**Work to be completed**
Here the job is to transcribe the data exactly while omitting the images.
======== Material provided ========
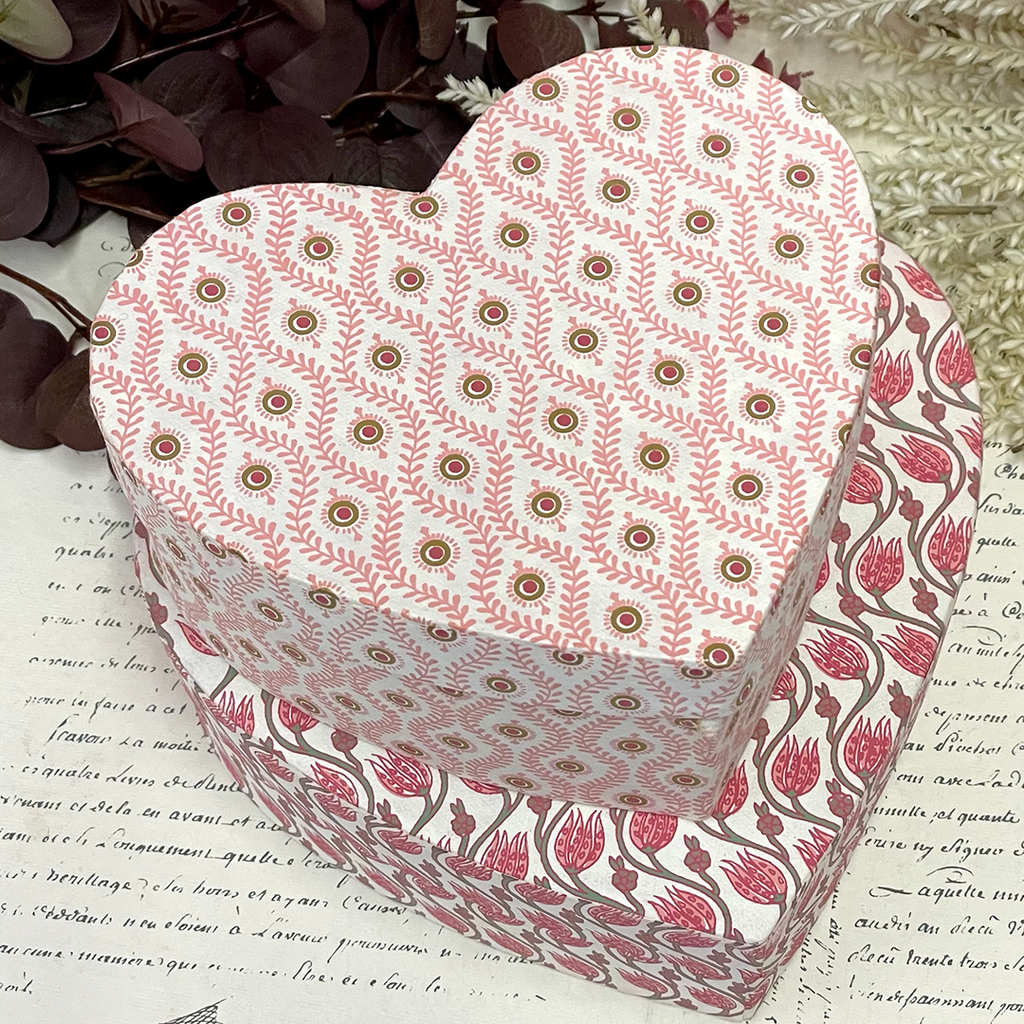 Set of 3 Heart Boxes. Lotus Ruby.
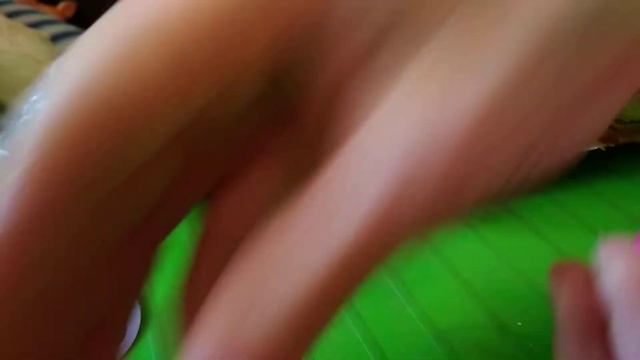 Открываем кукурузные палочки с сюрпризами : Май Литл пони, пакемоны, новые шипелки поняшки. смотреть онлайн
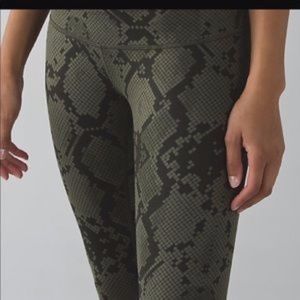 Lululemon Wunder Unders - Sz 4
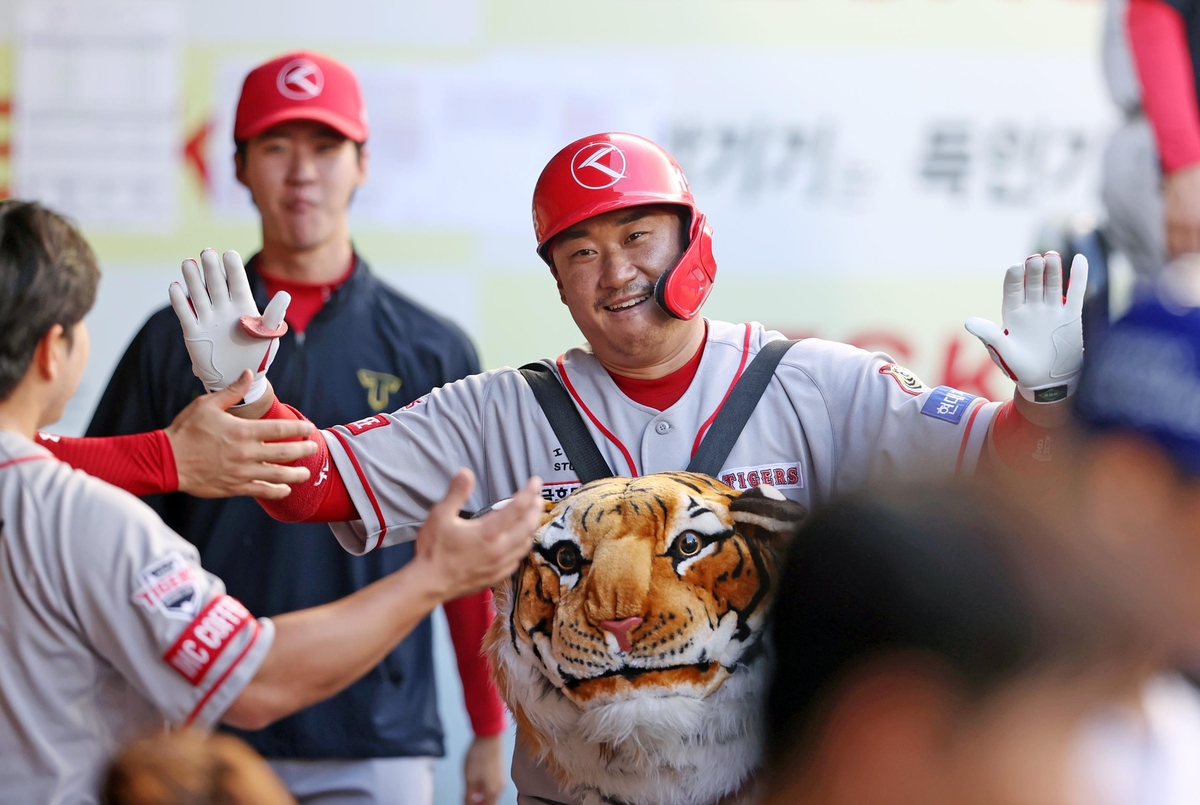 弗里克：亚马尔、拉菲和伊尼戈都踢了很多比赛，我们必须轮换
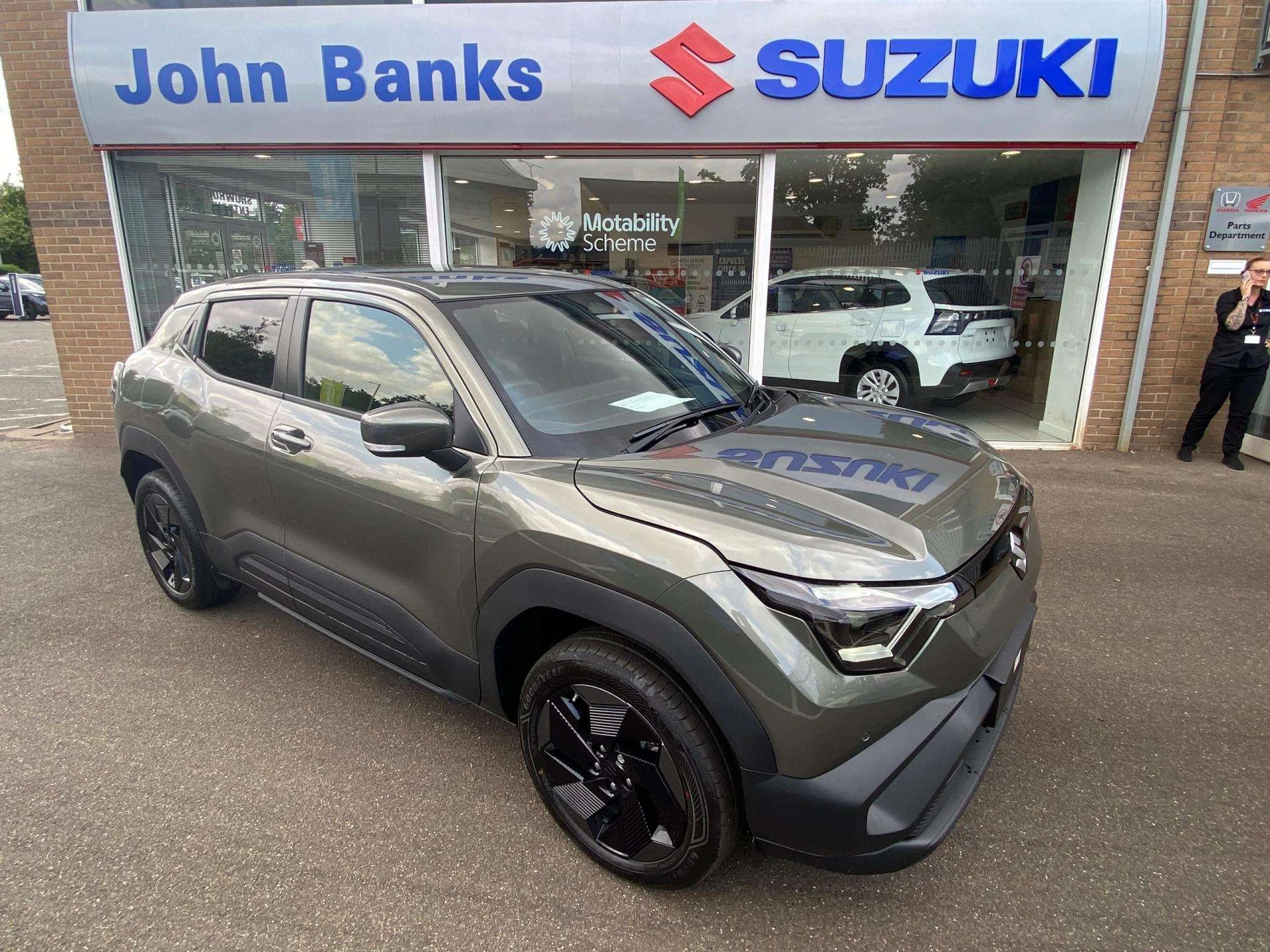 Vehicle image 3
========
**Problem solution**
 Set of 3 Heart Boxes. Lotus Ruby.
 Открываем кукурузные палочки с сюрпризами : Май Литл пони, пакемоны, новые шипелки поняшки. смотреть онлайн
 Lululemon Wunder Unders - Sz 4
 弗里克：亚马尔、拉菲和伊尼戈都踢了很多比赛，我们必须轮换
 Vehicle image 3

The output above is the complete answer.